Entity Framework, Is there any performance improvement on querying at repository instead at service layer?
Does Entity Framework has any performance improvement engine like SQL? Does it knows that all next 3 pseudo code is just 1 DB call, or it first really gets someFilteredContidionA, and then applys the second condition?
CASE A)
clients.Where( someFilterConditionA);
clients.Where( someFilterConditionB);
return clients;
CASE B)
clients.Where( someFilterConditionA).Where( someFilterConditionB);
return clients;
CASE C)
clients.Where( someFilterConditionA AND someFilterConditionB);
return clients;
EF does have optimizations, there should be no difference at all between your 3 cases. You can easily run an SQL Profiler to inspect any query that EF sends through to the DB.
As far as execution goes: The cost is at execution, regardless of where that is triggered. This is commonly wherever calls the .ToList / .First / .Any / .Count etc. The biggest performance mistake I see people make looks like:
var results = dbContext.ParentEntities.Where(x=> x.SomeCriteria == true).ToList();
// later down the call stack...
var results = repostitory.GetParents(criteria);
if (results.Count > 0)
// never actually use results, or do something like results.FirstOrDefault(), etc.
Then there are the sins of lazy loading or eager loading inappropriately, returning entire entity graphs where only a few fields are actually used.
The pattern I follow is to use deferred execution /w a repository pattern. What this means is that my repositories, with few exceptions, always return IQueryable<TEntity>
. Even methods where only 1 entity is expected. (I.e. GetById()) The repository manages low-level rules such as Authorization and things like IsActive for Soft-delete systems, and temporal considerations for historical data, but I let the business logic further refine the query as needed in terms of additional criteria, defining which fields will be selected, and how the data will be retrieved before executing the deferred query.
The benefits of this approach is that my repository serves as an easy cut-off point for my unit tests, I just need to return back things like Lists of entities from a mocked repository to exercise my business logic. From a maintenance point of view my repository is very thin. No need for lots of similar methods for different criteria or expected return types, or passing vague Expression Trees and such into functions to relay filtering. From a performance point of view, giving the business logic the control over how the data is filtered and consumed gives me a lot of flexibility and helps ensure that queries are easily optimized. My business logic can:
All without touching the repository definition. The repository becomes a thin service class to facilitate testing.
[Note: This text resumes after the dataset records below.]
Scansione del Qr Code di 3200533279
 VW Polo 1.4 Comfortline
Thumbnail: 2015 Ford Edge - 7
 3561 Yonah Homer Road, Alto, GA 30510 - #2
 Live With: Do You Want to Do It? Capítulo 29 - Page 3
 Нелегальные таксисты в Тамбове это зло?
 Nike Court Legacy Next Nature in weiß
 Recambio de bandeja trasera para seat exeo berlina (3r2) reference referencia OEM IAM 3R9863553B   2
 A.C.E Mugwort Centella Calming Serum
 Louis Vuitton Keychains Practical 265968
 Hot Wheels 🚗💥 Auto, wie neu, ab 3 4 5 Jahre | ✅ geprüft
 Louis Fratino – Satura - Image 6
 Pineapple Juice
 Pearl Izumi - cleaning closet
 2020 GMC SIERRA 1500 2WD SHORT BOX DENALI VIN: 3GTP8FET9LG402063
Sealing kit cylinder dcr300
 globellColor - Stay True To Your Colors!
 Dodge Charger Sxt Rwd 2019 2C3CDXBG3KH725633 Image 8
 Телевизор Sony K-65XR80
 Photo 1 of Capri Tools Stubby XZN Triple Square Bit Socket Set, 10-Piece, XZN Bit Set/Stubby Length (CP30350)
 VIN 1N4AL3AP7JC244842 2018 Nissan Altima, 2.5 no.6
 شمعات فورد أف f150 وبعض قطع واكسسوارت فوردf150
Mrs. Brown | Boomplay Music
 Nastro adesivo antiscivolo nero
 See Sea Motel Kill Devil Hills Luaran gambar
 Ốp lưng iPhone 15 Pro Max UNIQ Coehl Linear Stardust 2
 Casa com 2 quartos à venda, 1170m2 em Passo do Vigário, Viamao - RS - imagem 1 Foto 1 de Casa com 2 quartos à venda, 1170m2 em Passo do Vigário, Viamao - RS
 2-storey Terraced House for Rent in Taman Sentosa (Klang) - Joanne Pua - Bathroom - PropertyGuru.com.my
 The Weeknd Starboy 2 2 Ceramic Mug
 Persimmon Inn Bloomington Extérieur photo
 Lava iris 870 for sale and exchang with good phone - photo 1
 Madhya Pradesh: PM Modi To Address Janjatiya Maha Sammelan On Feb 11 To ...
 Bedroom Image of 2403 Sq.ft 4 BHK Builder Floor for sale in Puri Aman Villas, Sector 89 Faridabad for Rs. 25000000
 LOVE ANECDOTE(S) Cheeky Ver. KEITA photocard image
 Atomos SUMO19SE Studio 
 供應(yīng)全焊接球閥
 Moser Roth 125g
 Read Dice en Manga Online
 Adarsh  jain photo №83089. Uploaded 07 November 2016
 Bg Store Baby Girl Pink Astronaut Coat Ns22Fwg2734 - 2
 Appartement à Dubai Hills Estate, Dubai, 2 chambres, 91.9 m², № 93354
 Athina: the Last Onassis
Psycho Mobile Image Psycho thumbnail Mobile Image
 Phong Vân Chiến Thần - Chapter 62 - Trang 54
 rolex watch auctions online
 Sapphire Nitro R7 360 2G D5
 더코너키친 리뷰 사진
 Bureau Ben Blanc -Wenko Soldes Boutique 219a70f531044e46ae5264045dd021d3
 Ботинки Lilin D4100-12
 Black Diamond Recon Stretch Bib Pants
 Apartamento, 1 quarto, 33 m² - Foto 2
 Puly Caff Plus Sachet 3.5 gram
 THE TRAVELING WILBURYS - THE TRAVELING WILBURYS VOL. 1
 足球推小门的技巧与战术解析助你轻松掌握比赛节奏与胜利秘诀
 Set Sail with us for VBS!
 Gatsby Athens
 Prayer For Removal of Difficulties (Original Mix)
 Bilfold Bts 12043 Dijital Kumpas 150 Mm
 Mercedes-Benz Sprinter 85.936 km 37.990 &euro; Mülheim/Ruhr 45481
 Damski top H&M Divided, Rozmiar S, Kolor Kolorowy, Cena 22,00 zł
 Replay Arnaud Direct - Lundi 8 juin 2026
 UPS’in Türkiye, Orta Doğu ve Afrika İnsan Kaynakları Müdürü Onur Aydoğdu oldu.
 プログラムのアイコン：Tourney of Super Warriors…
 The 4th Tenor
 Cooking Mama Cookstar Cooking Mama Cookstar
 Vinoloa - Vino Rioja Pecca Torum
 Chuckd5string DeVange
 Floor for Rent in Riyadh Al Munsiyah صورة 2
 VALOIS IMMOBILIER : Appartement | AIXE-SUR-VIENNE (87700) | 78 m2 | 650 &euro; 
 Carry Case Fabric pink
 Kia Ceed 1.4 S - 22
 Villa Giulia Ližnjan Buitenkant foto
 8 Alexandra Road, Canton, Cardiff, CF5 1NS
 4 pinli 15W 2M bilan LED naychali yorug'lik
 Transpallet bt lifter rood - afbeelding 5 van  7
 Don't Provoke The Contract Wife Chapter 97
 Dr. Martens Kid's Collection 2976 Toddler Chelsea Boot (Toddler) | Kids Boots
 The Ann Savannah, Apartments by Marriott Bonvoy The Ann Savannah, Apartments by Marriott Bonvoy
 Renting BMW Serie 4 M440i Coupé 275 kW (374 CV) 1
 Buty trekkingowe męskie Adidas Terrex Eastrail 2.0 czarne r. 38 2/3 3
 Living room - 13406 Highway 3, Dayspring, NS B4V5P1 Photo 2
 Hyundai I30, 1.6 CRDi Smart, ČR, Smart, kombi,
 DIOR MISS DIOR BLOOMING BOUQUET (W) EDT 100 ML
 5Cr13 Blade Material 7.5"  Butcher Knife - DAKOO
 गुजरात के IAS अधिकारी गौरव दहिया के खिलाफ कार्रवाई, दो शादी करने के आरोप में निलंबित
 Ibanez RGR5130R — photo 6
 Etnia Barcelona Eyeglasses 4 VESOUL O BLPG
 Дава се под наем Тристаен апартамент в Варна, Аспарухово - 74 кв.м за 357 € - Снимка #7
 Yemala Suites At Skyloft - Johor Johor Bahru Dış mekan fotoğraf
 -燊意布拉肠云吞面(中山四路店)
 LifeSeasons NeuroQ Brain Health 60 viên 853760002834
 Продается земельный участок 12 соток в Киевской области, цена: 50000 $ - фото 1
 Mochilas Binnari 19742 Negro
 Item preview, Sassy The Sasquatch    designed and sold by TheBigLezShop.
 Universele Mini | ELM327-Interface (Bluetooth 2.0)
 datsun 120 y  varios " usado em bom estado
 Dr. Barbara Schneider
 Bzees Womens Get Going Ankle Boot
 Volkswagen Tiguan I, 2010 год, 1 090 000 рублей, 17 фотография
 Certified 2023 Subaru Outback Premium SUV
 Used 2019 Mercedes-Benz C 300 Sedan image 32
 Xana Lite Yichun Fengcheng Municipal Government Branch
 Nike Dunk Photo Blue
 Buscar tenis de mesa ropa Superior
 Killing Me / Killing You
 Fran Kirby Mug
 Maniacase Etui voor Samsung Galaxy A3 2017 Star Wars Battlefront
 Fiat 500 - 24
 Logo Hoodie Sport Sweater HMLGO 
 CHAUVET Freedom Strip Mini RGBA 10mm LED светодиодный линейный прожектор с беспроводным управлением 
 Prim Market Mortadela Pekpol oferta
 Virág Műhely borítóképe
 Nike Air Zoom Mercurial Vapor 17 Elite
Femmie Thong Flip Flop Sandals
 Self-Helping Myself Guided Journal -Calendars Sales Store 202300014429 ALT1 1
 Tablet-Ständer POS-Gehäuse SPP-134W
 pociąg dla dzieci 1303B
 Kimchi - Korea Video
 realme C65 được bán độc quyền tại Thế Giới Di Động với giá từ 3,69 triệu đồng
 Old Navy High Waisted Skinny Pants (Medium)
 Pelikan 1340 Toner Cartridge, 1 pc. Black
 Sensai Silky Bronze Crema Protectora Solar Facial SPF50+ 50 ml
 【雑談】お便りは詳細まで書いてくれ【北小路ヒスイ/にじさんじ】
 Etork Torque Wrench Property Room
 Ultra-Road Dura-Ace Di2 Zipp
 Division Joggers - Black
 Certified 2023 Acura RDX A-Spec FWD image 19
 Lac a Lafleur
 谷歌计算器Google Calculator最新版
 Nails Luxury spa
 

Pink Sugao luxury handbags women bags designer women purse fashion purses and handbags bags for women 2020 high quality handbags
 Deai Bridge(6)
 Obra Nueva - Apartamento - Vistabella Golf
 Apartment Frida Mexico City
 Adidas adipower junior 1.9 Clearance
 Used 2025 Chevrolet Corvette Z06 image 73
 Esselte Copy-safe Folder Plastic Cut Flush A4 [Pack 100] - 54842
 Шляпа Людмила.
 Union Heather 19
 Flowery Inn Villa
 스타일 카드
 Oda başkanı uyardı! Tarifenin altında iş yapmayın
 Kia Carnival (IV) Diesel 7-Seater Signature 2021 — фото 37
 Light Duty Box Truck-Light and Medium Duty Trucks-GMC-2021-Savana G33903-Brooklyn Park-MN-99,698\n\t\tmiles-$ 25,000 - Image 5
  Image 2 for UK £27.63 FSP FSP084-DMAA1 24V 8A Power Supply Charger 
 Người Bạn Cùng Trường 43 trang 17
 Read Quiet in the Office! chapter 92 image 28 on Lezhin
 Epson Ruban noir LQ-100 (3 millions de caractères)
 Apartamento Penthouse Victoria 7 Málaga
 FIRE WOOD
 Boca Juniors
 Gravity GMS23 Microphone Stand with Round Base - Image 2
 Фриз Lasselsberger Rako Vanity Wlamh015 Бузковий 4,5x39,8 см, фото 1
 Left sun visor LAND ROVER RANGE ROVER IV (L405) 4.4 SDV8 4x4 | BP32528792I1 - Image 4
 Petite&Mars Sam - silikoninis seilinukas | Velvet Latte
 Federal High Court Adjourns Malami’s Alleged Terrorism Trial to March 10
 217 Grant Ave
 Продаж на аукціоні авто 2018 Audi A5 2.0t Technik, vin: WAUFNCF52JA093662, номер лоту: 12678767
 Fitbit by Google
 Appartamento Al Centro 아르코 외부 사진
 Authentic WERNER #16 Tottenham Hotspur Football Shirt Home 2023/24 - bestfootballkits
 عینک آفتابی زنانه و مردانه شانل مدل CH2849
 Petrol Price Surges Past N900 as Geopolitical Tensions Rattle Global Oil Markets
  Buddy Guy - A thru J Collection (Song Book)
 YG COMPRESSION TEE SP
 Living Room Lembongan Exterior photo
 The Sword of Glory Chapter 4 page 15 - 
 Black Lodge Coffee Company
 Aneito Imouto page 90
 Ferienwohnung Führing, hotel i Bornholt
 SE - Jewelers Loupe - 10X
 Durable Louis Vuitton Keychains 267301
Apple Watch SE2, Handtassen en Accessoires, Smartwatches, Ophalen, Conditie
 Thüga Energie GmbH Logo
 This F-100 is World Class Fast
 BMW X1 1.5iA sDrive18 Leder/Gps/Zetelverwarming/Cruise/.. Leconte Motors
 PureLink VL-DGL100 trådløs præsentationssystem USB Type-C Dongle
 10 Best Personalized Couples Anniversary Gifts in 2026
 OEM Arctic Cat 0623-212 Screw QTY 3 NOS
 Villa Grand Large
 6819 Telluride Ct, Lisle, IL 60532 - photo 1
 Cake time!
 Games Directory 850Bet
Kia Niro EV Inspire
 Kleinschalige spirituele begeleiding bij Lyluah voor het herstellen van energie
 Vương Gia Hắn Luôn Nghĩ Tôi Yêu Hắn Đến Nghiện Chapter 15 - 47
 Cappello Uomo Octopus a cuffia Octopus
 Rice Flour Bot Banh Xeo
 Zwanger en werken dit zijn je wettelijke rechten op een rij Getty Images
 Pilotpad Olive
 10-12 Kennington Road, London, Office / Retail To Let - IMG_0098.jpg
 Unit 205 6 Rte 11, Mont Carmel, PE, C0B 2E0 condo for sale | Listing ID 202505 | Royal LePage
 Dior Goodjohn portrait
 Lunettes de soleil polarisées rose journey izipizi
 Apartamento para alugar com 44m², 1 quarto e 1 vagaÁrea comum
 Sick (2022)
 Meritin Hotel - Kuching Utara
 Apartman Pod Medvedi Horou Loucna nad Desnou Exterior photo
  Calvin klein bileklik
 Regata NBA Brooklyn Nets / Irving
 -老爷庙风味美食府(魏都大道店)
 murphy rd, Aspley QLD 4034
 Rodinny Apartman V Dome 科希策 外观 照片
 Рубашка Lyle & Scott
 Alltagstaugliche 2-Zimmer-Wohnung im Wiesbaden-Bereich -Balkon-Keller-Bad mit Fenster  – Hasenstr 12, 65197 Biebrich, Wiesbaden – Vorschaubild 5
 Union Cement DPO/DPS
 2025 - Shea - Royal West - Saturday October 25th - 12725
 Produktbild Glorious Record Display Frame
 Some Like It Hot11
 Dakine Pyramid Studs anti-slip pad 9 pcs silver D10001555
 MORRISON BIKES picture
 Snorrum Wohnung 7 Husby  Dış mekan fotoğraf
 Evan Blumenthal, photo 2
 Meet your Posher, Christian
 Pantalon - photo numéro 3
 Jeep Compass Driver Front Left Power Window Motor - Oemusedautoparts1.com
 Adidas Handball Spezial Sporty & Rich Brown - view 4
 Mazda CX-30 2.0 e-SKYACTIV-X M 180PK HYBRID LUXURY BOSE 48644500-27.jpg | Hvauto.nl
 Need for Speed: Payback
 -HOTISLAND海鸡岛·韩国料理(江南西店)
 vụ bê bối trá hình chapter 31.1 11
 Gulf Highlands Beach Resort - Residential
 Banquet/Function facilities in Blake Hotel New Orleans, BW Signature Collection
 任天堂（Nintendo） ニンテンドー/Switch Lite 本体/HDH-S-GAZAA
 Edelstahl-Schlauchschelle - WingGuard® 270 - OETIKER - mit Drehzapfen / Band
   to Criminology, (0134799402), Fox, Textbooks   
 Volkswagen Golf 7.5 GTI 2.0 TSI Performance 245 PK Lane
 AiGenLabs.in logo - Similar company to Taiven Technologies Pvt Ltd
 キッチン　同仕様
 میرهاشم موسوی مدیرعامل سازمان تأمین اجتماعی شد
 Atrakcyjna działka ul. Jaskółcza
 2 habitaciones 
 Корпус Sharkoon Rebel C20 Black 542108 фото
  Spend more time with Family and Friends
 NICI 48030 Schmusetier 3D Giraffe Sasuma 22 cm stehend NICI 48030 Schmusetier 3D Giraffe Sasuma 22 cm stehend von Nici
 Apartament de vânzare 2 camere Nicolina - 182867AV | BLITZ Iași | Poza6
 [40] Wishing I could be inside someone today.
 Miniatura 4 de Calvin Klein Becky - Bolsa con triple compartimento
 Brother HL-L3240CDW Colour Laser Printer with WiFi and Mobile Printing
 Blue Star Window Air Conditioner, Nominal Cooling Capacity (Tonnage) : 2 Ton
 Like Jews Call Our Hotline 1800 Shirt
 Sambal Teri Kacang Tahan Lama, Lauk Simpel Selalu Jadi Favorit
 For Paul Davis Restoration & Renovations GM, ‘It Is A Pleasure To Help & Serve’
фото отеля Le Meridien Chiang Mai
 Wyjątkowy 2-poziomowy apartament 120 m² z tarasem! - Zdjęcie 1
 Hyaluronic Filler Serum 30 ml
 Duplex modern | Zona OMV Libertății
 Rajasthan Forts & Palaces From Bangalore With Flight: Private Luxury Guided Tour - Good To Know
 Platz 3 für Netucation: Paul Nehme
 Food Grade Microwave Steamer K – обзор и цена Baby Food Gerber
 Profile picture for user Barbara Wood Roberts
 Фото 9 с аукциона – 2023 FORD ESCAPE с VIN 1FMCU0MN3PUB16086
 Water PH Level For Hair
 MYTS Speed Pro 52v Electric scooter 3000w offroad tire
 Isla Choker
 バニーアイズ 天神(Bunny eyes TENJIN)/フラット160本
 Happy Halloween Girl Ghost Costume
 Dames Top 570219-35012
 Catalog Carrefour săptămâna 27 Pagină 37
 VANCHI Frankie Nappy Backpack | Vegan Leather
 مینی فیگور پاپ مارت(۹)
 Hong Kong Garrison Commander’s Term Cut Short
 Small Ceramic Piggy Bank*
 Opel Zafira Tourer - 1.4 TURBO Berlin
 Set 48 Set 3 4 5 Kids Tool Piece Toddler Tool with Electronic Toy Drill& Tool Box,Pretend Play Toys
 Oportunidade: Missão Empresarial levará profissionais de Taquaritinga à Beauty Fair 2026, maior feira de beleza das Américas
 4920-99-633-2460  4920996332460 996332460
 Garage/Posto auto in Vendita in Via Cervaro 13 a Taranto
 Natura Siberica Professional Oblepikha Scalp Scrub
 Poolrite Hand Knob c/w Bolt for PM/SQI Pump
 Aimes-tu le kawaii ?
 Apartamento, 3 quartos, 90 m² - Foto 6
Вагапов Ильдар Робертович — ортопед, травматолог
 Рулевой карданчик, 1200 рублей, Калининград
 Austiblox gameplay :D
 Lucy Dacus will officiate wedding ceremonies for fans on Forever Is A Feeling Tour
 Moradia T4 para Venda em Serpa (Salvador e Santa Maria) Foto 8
The argument made against this pattern is that having a repository with explicit and static queries makes for a more deliberate target to tune indexes for. My counter to that is that index tuning should be based on how a system is used, and not something that should try to be optimized for early. Static repositories and queries means you're having a lot of extra code to maintain and in many cases running sub-optimal queries. (I.e. returning IEnumerable<Entity>
) Either a lot of methods that do essentially the same thing returning different data structures, or fewer methods returning entire entities, where only a few details were actually needed. IMO: Build the system, use the system, tune the system.